Work to be completed. While reading through the material below, copy each line that holds the word "Nihat".

Material for the task.
+-------+

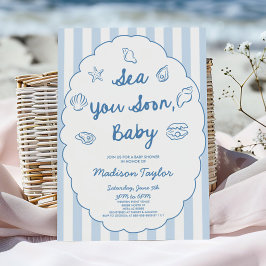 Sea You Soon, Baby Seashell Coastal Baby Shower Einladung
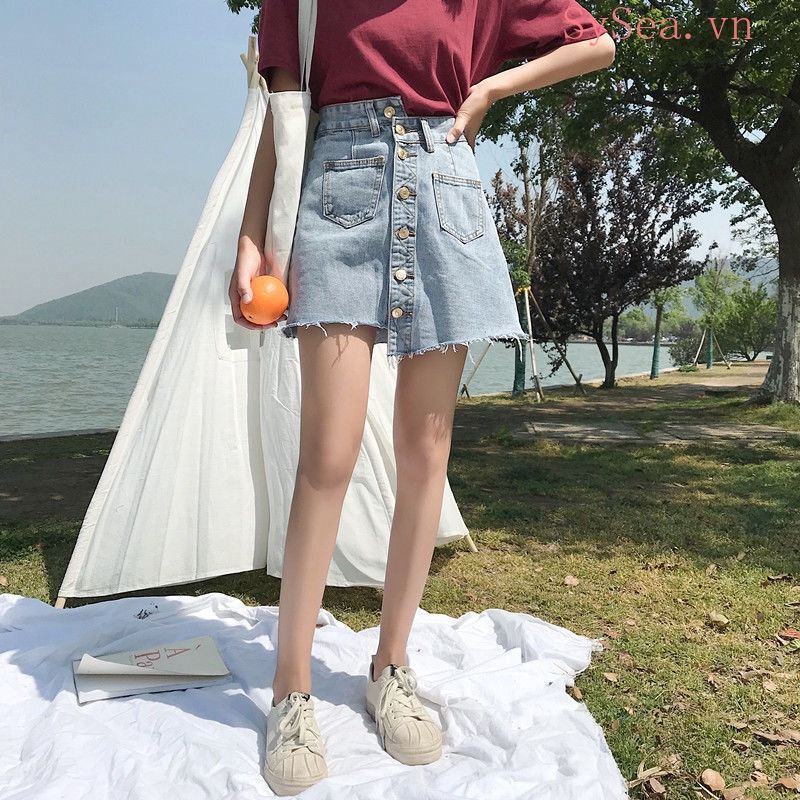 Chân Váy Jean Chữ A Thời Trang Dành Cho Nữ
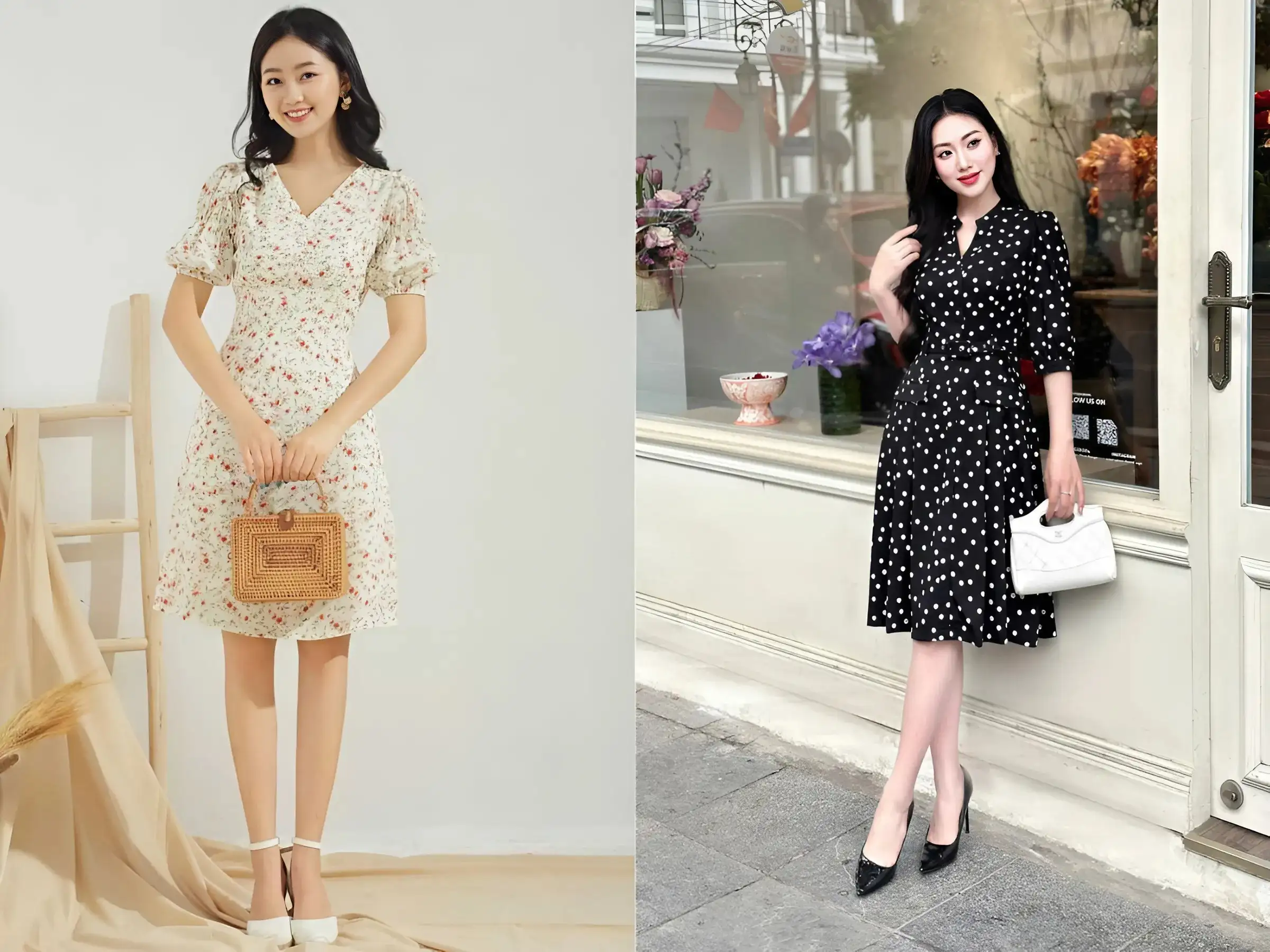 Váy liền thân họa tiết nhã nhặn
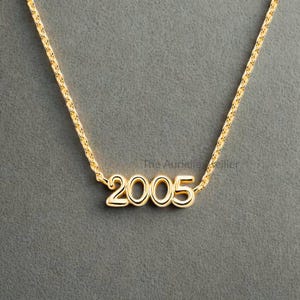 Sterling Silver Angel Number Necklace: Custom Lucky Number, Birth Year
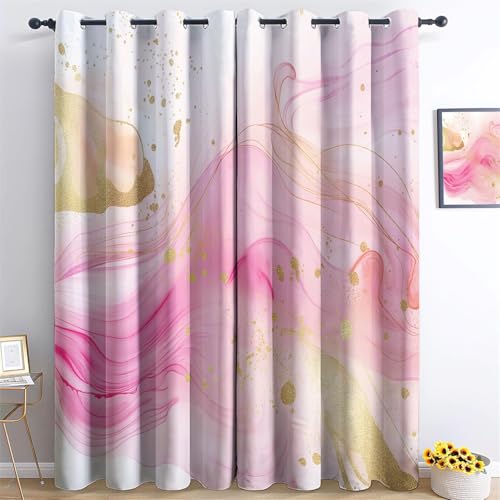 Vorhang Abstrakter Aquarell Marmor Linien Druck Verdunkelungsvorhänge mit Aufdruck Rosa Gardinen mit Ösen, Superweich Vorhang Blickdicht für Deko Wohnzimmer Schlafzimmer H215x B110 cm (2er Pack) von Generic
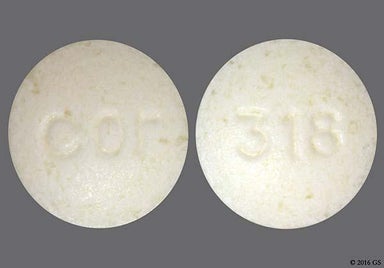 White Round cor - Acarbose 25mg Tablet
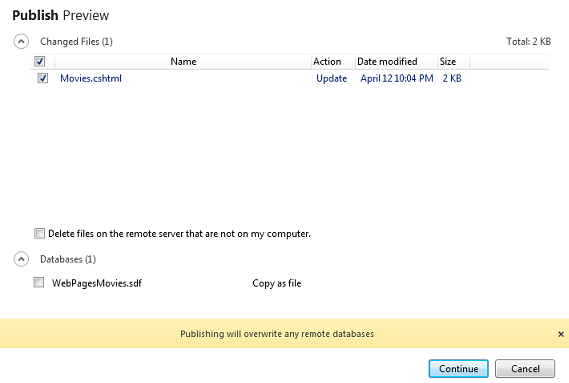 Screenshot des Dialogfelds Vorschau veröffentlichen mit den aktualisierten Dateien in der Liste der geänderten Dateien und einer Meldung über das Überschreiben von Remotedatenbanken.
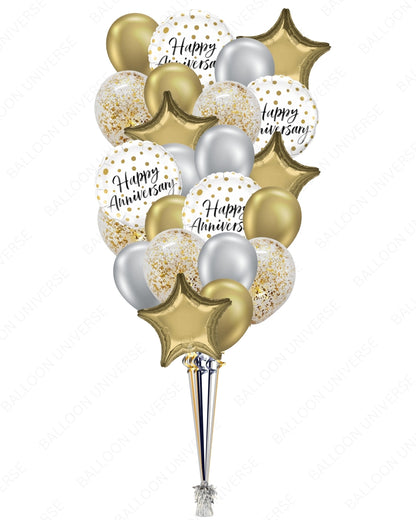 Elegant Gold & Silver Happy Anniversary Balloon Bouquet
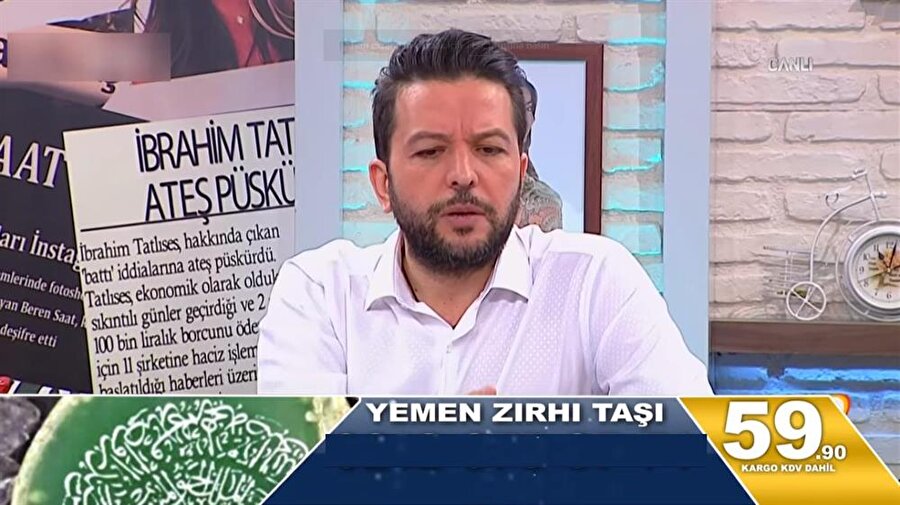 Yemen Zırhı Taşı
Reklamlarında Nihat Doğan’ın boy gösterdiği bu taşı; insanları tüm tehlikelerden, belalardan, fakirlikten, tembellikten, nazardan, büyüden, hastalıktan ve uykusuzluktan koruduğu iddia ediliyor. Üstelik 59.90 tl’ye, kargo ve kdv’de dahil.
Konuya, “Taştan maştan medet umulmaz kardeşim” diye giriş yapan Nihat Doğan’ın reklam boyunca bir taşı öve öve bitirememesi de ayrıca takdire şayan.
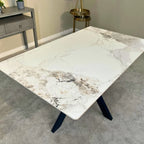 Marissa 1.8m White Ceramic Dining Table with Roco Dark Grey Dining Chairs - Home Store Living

+-------+

Response.
Reklamlarında Nihat Doğan’ın boy gösterdiği bu taşı; insanları tüm tehlikelerden, belalardan, fakirlikten, tembellikten, nazardan, büyüden, hastalıktan ve uykusuzluktan koruduğu iddia ediliyor. Üstelik 59.90 tl’ye, kargo ve kdv’de dahil.
Konuya, “Taştan maştan medet umulmaz kardeşim” diye giriş yapan Nihat Doğan’ın reklam boyunca bir taşı öve öve bitirememesi de ayrıca takdire şayan.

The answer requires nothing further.